In principle, all classical data can be efficiently encoded in systems of qubits: a classical bitstring of length n can be easily encoded onto n qubits. However, the same cannot be said for the converse, since one cannot efficiently encode quantum data in bit systems; that is, the state of a general n-qubit system requires (2ⁿ − 1) complex numbers to be specified. Hence, systems of qubits (and more generally the quantum Hilbert space) constitute the ultimate data representation medium, as they can encode not only classical information but also quantum information obtained from physical processes.
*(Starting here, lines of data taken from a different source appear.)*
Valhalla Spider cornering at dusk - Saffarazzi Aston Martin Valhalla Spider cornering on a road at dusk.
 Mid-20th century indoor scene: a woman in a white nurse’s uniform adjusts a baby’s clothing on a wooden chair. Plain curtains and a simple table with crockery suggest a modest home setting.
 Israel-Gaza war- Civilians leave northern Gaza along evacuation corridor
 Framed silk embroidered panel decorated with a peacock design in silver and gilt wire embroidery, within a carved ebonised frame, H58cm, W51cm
In a QML setting, the term quantum data refers to data that are naturally already embedded in a Hilbert space 𝐻. When the data are quantum, they are already in the form of a set of quantum states {|ψ_j〉} or a set of unitaries {U_j} that could prepare these states on a quantum device (via the relation |ψ_j〉 = U_j|0〉). On the other hand, when the data x are classical, they first need to be encoded in a quantum system through some embedding mapping x_j → |ψ(x_j)〉, with |ψ(x_j)〉 in 𝐻. In this case, the hope is that the QML model can solve the learning task by accessing the exponentially large dimension of the Hilbert space^20,21,22,23.

One of the most important and reasonable conjectures to make is that the availability of quantum data will substantially increase in the near future. The mere fact that people will use the quantum computers that are available will logically lead to more quantum problems being solved and quantum simulations being performed. These computations will produce quantum datasets, and hence it is reasonable to expect the rapid rise of quantum data. Note that, in the near term, these quantum data will be stored on classical devices in the form of efficient descriptions of quantum circuits that prepare the datasets.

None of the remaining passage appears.